──────── Input data
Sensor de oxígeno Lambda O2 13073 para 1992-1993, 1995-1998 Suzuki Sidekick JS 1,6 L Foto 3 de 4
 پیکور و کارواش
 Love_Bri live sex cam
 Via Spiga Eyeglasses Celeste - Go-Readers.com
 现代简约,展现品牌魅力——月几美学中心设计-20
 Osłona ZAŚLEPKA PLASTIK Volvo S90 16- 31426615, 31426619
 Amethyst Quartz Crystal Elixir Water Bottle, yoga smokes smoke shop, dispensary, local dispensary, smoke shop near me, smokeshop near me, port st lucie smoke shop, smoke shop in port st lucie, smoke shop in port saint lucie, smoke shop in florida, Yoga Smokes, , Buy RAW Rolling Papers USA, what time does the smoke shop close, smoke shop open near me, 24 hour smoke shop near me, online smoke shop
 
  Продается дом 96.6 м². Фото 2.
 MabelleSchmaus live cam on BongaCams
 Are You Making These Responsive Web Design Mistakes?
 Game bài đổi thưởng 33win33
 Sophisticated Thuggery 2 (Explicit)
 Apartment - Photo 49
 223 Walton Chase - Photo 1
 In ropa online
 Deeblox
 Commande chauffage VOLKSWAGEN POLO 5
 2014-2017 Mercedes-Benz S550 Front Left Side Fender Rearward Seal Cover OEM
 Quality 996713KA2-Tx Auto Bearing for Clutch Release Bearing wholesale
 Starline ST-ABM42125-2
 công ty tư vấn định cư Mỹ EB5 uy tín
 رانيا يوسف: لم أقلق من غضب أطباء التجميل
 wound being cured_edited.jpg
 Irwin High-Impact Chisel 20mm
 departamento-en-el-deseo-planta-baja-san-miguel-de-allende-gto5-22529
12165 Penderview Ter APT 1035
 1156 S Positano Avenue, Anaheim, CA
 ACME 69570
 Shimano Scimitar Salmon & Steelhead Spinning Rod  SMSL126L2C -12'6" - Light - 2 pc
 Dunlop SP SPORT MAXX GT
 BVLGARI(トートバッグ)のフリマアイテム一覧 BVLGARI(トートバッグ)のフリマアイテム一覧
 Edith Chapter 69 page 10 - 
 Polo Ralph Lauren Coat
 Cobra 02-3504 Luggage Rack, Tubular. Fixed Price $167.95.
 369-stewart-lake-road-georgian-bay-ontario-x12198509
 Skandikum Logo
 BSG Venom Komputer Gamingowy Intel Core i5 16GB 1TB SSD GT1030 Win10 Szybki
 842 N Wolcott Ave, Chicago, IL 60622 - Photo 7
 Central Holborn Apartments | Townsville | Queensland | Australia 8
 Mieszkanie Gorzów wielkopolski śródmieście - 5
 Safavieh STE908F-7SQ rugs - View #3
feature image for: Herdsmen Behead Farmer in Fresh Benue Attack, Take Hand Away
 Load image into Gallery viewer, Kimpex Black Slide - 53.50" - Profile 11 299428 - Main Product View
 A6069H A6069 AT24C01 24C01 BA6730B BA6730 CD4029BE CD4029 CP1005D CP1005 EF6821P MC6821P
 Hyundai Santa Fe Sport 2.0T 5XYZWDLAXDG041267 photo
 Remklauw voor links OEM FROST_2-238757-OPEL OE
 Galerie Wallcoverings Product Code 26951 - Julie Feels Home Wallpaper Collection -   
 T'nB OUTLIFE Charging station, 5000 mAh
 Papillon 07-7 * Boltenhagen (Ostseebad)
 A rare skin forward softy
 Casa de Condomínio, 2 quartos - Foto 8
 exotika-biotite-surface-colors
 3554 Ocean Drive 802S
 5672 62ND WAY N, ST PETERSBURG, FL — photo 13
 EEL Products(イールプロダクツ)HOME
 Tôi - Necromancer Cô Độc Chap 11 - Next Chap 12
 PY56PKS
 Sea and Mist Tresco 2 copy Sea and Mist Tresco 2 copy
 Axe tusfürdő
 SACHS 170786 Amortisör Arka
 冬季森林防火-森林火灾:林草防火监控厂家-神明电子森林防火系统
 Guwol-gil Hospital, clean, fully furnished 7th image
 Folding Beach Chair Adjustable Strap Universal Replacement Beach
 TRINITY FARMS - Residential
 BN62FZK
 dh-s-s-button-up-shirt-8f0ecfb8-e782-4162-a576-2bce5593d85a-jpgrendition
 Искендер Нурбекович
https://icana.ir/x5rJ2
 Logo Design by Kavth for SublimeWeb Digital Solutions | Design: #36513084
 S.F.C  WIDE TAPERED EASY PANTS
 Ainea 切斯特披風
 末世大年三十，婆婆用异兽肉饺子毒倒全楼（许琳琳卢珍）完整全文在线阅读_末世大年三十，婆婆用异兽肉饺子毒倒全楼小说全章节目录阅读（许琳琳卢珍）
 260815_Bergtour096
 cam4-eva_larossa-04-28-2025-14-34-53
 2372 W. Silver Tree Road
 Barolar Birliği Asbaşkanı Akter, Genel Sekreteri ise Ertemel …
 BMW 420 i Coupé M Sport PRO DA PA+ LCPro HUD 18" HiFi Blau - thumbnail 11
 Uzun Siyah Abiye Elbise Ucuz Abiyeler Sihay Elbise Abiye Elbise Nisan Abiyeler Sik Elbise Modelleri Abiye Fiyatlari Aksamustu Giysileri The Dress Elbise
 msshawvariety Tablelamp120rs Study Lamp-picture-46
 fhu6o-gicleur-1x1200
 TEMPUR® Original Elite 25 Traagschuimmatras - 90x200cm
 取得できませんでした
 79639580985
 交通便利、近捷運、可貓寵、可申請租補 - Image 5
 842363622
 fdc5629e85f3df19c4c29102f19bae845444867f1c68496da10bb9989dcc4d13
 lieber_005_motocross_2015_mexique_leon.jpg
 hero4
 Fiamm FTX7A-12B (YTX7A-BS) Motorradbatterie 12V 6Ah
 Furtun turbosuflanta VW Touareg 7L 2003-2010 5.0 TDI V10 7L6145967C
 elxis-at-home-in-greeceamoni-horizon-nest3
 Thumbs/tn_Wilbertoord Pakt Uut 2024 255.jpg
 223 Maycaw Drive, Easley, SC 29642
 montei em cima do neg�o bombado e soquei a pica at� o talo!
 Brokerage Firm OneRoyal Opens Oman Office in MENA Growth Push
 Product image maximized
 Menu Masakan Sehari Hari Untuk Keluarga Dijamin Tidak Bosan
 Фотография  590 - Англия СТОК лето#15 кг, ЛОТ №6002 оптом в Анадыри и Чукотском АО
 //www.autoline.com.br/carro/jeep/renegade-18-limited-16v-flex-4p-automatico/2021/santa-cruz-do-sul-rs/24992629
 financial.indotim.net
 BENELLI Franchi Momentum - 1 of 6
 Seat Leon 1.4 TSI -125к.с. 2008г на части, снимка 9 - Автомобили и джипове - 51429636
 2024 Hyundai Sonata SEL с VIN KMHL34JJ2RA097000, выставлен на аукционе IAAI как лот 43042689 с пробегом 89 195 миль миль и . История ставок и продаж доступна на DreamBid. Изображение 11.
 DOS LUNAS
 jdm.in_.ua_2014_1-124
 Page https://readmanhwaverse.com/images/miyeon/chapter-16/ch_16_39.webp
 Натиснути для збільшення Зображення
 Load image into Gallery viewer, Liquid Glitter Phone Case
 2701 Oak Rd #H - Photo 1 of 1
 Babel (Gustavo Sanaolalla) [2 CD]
────────────────
• **To do**: Reproduce exactly the lines that run from the start of the records to the line with "In ropa online", both included.

• **Exercise solution**:
Sensor de oxígeno Lambda O2 13073 para 1992-1993, 1995-1998 Suzuki Sidekick JS 1,6 L Foto 3 de 4
 پیکور و کارواش
 Love_Bri live sex cam
 Via Spiga Eyeglasses Celeste - Go-Readers.com
 现代简约,展现品牌魅力——月几美学中心设计-20
 Osłona ZAŚLEPKA PLASTIK Volvo S90 16- 31426615, 31426619
 Amethyst Quartz Crystal Elixir Water Bottle, yoga smokes smoke shop, dispensary, local dispensary, smoke shop near me, smokeshop near me, port st lucie smoke shop, smoke shop in port st lucie, smoke shop in port saint lucie, smoke shop in florida, Yoga Smokes, , Buy RAW Rolling Papers USA, what time does the smoke shop close, smoke shop open near me, 24 hour smoke shop near me, online smoke shop
 
  Продается дом 96.6 м². Фото 2.
 MabelleSchmaus live cam on BongaCams
 Are You Making These Responsive Web Design Mistakes?
 Game bài đổi thưởng 33win33
 Sophisticated Thuggery 2 (Explicit)
 Apartment - Photo 49
 223 Walton Chase - Photo 1
 In ropa online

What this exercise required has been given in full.